-- Dataset extract --
—————
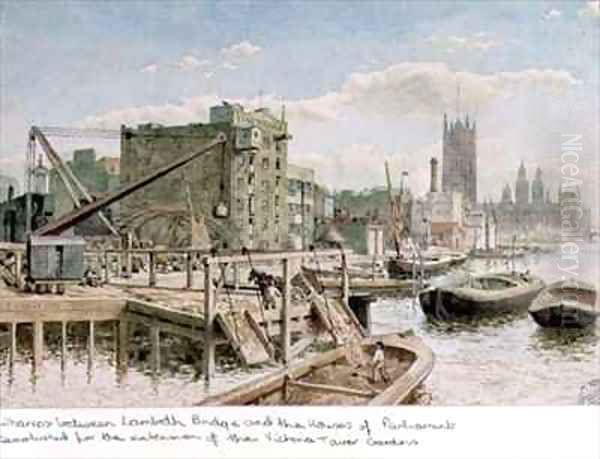 Riverside View of the Wharves between Lambeth Bridge and the Houses of Parliament Oil Painting by John Phillipp Emslie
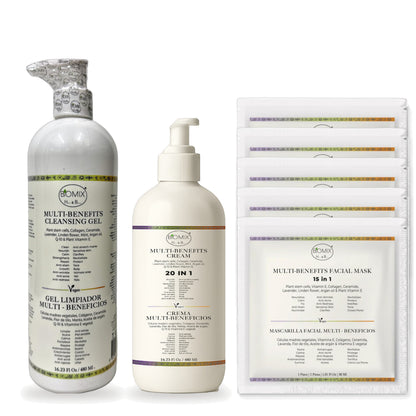 Biomix Kit Multibeneficios Esencial · Gel Limpiador 15 en 1 (480 ml) + Crema 20 en 1 (480 ml) + 5 Mascarillas Bio Coláge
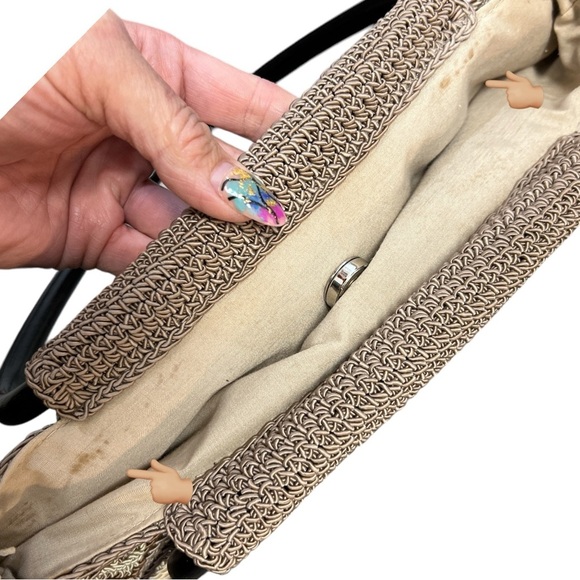 Nine West Vintage Crochet Knit Beach Chevron Wooden Top Handle Hobo Bag - Picture 11 of 14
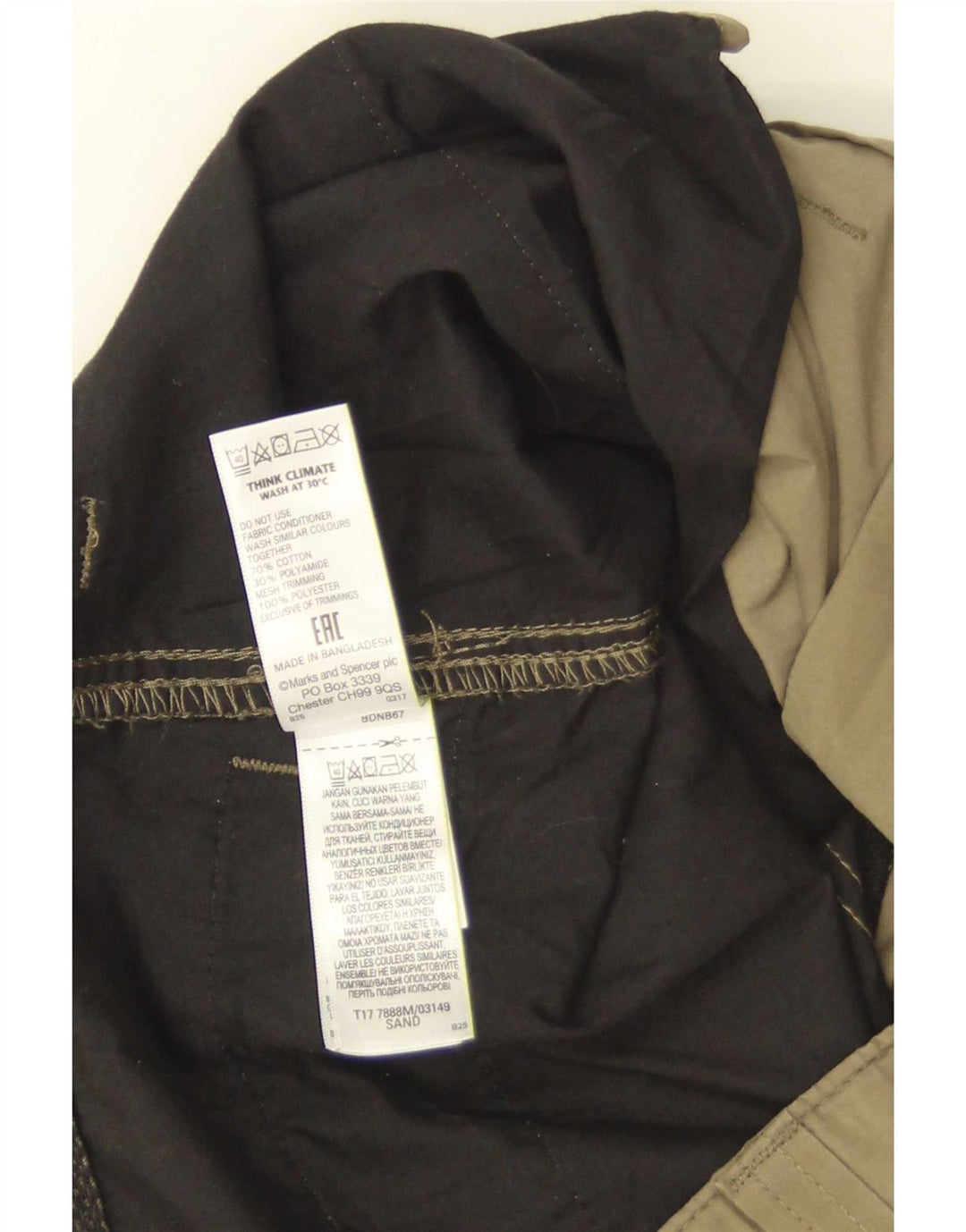 Ανδρικό σορτς Cargo Marks & Spencer W34 Μεγάλο Χακί Βαμβακερό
—————
-- Exercise details --
Return the listing verbatim, pictures omitted.

-- Answer space --
 Riverside View of the Wharves between Lambeth Bridge and the Houses of Parliament Oil Painting by John Phillipp Emslie
 Biomix Kit Multibeneficios Esencial · Gel Limpiador 15 en 1 (480 ml) + Crema 20 en 1 (480 ml) + 5 Mascarillas Bio Coláge
 Nine West Vintage Crochet Knit Beach Chevron Wooden Top Handle Hobo Bag - Picture 11 of 14
 Ανδρικό σορτς Cargo Marks & Spencer W34 Μεγάλο Χακί Βαμβακερό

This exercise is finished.